If $b_n=\sum_{k=0}^{n}(-1)^k\binom{n}{k} a_k \forall n\in\mathbb{N_0},$ then prove that $a_n= \sum_{k=0}^{n}(-1)^k\binom{n}{k} b_k \forall n\in\mathbb{N_0}.$

My Working:

let $f(x)=a_0+a_1x+a_2x^2+\cdots;g(x)=b_0+b_1x+b_2x^2+\cdots$

$\implies g(x)=f(x)(x-1)^n$

$\implies f(x)=g(x)(x-1)^{-n}$


Solution 1:

The binomial coefficients in the sum representation of $a_n, b_n$ indicate that exponential generating functions could be employed.

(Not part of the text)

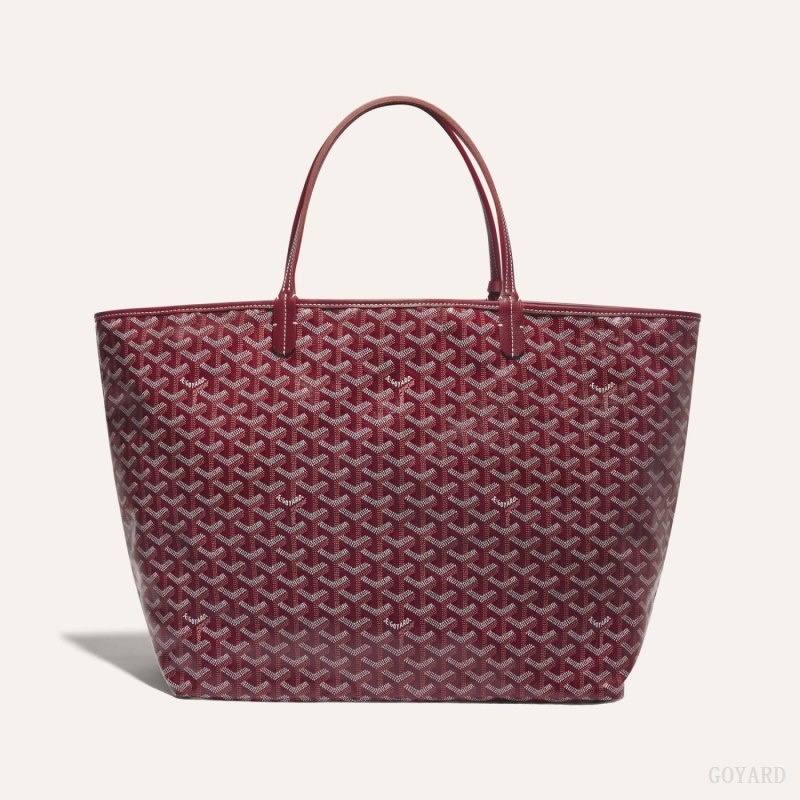 Goyard SAINT LOUIS GM BAG Burgundy | SXXM0113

We recall the product of two exponential generating functions $U(x)=\sum_{n=0}^{\infty}u_n\frac{x^n}{n!}, W(x)=\sum_{n=0}^\infty w_n\frac{x^n}{n!}$ is \begin{align*} U(x)W(x)&=\left(\sum_{k=0}^{\infty}u_k\frac{x^k}{l!}\right)\left(\sum_{l=0}^\infty w_l\frac{x^l}{l!}\right)\\ &=\sum_{n=0}^\infty\left(\sum_{{k+l=n}\atop{k,l\geq 0}}\frac{u_k}{k!}\frac{w_l}{l!}\right)x^n\\ &=\sum_{n=0}^\infty\left(\sum_{k=0}^n \frac{u_k}{k!}\frac{w_{n-k}}{(n-k)!}\right)x^n\\ &=\sum_{n=0}^\infty\left(\sum_{k=0}^n \frac{n!}{k!(n-k)!}u_kw_{n-k}\right)\frac{x^n}{n!}\\ &=\sum_{n=0}^\infty\left(\color{blue}{\sum_{k=0}^n \binom{n}{k}u_kw_{n-k}}\right)\frac{x^n}{n!}\\ \end{align*}

Hint: Consider $A(x)=\sum_{n=0}^{\infty}a_n\frac{x^n}{n!}, B(x)=\sum_{n=0}^{\infty}b_n\frac{x^n}{n!}$ and check a functional identity of following kind: \begin{align*} \color{blue}{B(x) e^x=A(x)\qquad \longleftrightarrow \qquad B(x)=A(x)e^{-x}} \end{align*} Note $A(x)$ and $B(x)$ might be somewhat adapted in order to fit your needs.